- Location: Calle Josefa Ortiz de Dominguez, Uruapan, Michoacán, Mexico
- Date: February 3, 2020
- Deaths: 9
- Injured: 2
- Perpetrator: Jalisco New Generation Cartel

= Uruapan arcade shooting =

2020 mass shooting in Uruapan, Mexico

On February 3, 2020, suspected CJNG cartel members shot up an arcade in Uruapan, Michoacán, Mexico, killing nine people, including four children.

== Background ==
Uruapan has been the center of a territorial dispute between the Jalisco-based Jalisco New Generation Cartel (CJNG) and the Los Viagras cartel based in Michoacán, where Uruapan is located.

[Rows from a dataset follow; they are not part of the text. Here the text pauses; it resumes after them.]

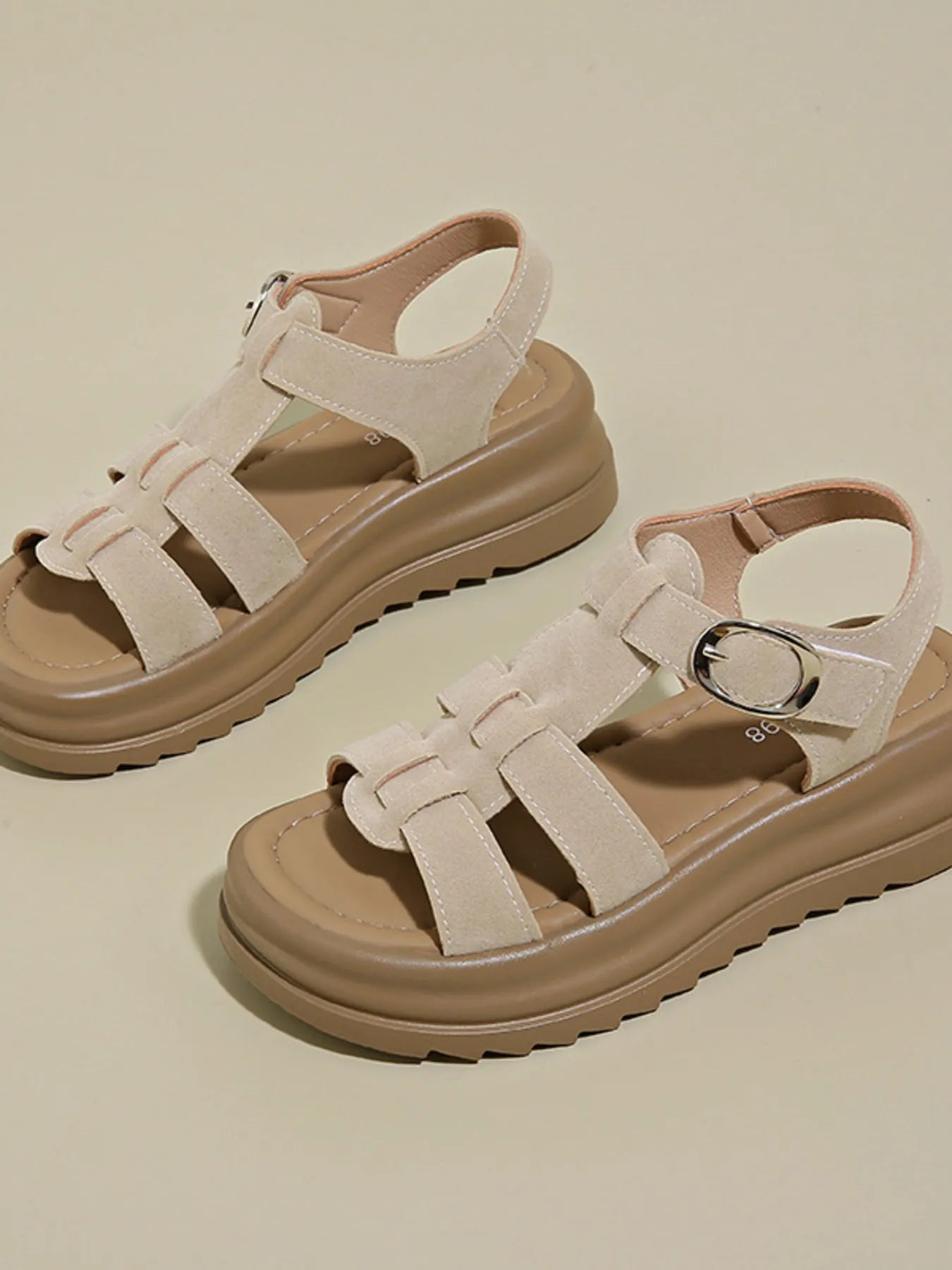 Platform Sandals with Ankle Strap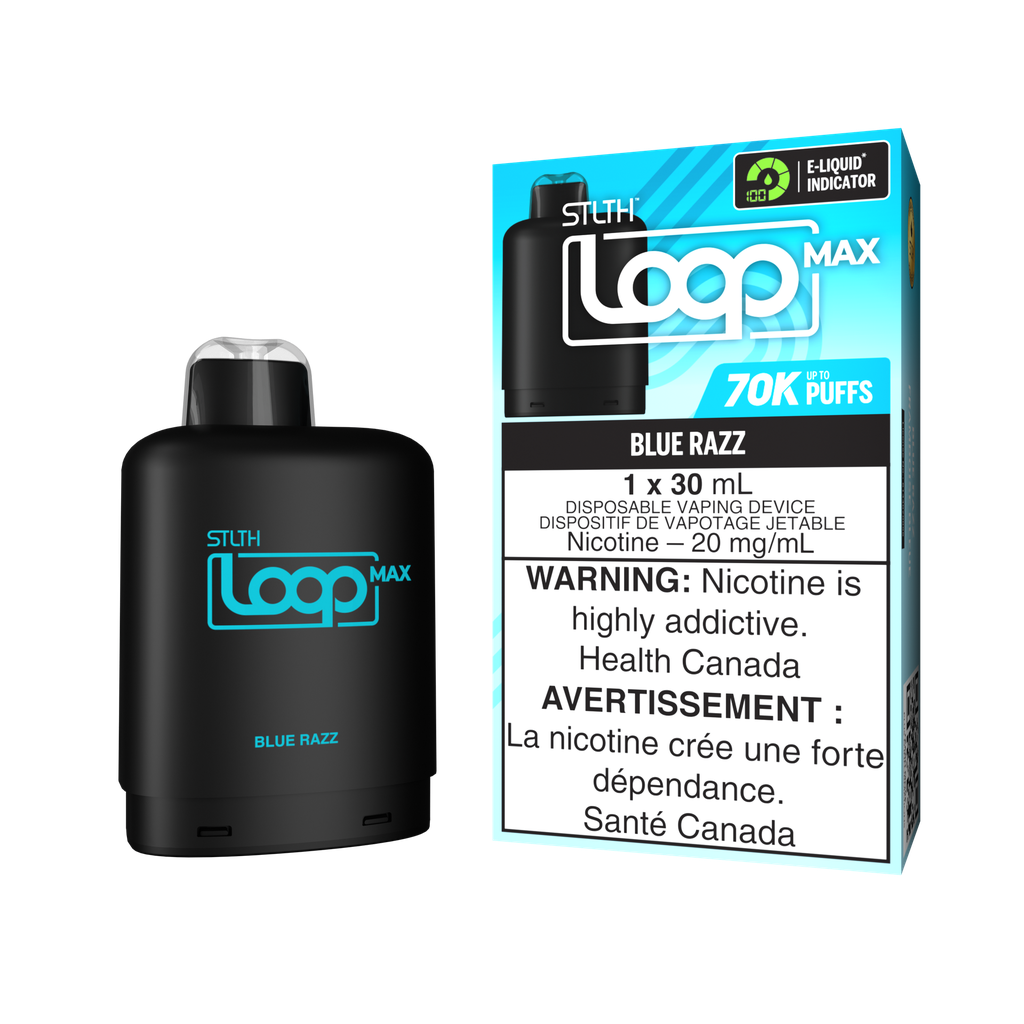 *ON* Nicotine Pod STLTH LOOP MAX Blue Razz Box of 4
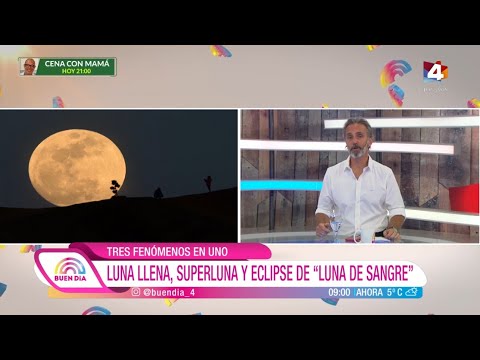 Buen Día - Tres fenómenos en uno: Luna llena, superluna y eclipse de “luna de sangre”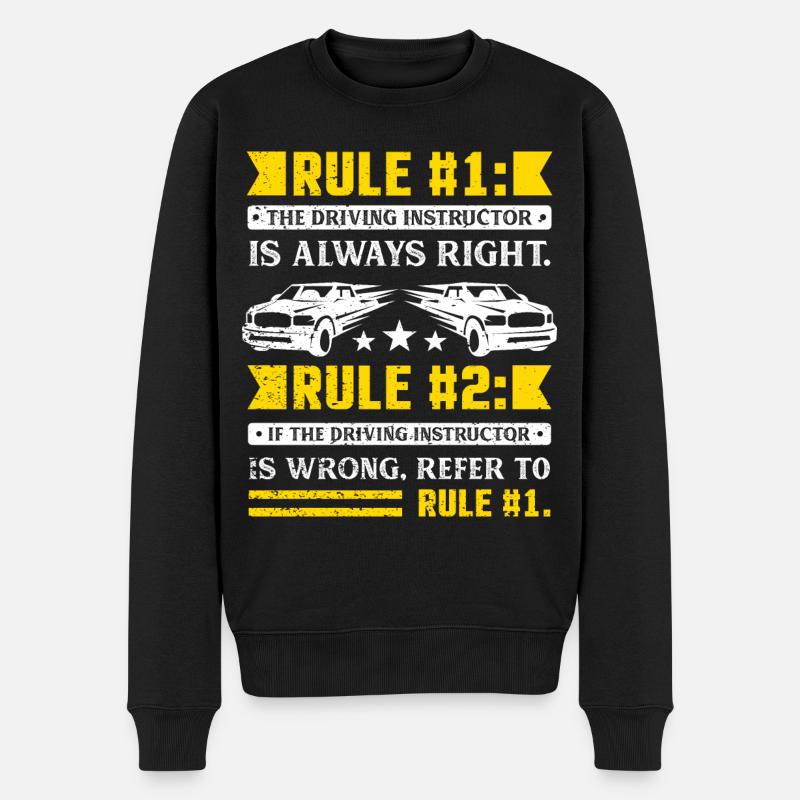 Driving Instructor Rules - Men's Premium Organic Jumper - black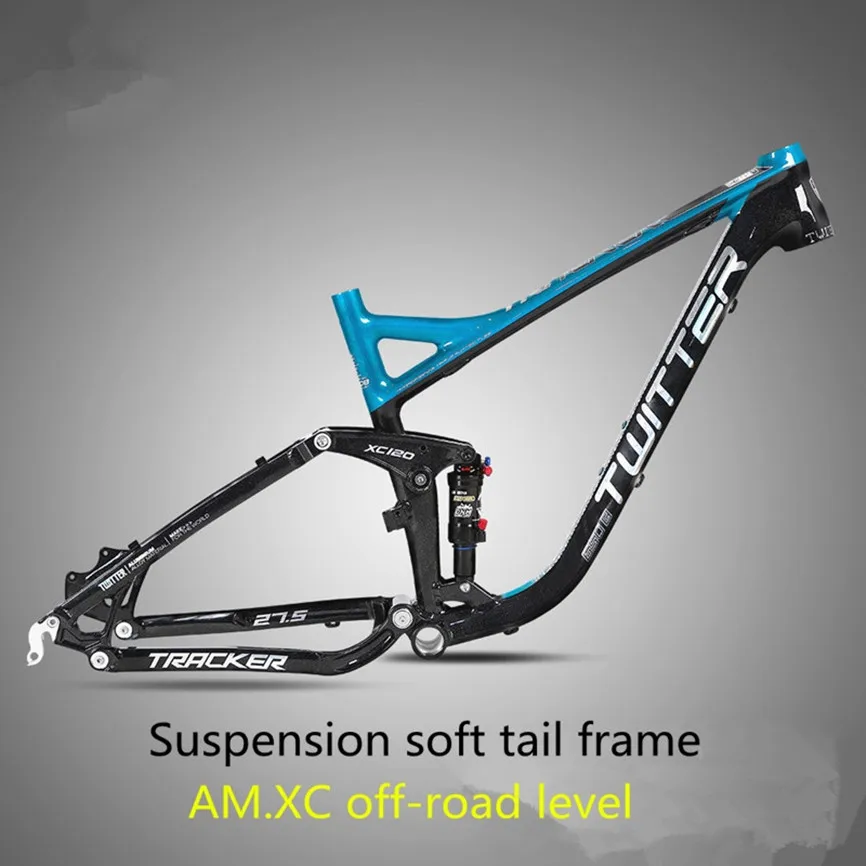 Подвеска для горного велосипеда MTB из алюминиевого сплава с мягкой задней рамой 27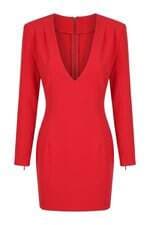 Vestido feminino  Youse vermelho com forro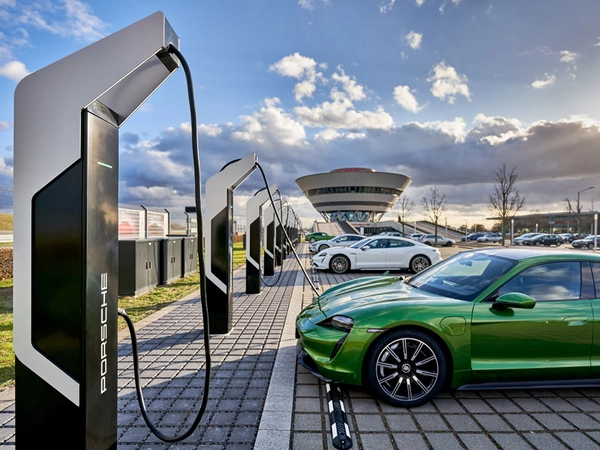 Ladepark "Porsche Turbo Charging" in Leipzig, Foto: Porsche AG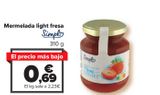 Oferta de Mermelada light fresa SIMPL por 0,69€ en Carrefour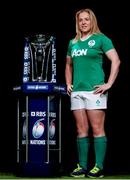 27 January 2016: Ireland captain Niamh Briggs in attendance at the RBS Six Nations launch. The Hurlingham Club, Ranelagh Gardens, London, England. Picture credit: Paul Harding / SPORTSFILE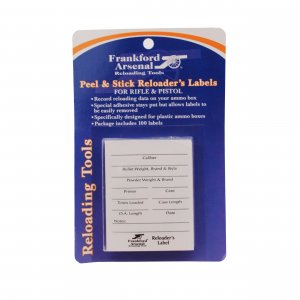 Frankford 202364 Pistol and Rifle Reloaders Labels  100 Pack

Reprisal attacks and public killings have been commonplace in the city, and in August 2019, nineteen bodies were disposed of on the road near Uruapan. On the weekend before the arcade shooting, the graves of eleven people were discovered nearby. A police station was also attacked by gunmen in retaliation for the arrest of a Los Viagras member. Just a day prior to the shooting, Los Viagras members released a video showing off weapons they threatened to use against CJNG.

== Shooting ==
Four armed men walked into the arcade on February 3, looking for Los Viagras members. The arcade, located on Josefa Ortiz de Dominguez street, was a site commonly used by Los Viagras members to sell drugs. The men asked questions to people gaming at the arcade regarding the whereabouts of "El Ruso" and "The Bald One". When the gunmen couldn't find who they were looking for, they shot sporadically throughout the arcade. The weapons shot 9mm bullets, and sixty-five ballistic elements were discovered by Mexican authorities. Nine people were killed in the shooting, including a 12-year-old, a thirteen-year-old, a fourteen-year-old, a seventeen-year-old, and an eighteen-year-old. Two others were injured in the attack.

== Aftermath ==
Families of the victims were not hopeful in Michoacán authorities in detaining the perpetrators. Following the shooting, the war between CJNG and Los Viagras intensified in the Uruapan area.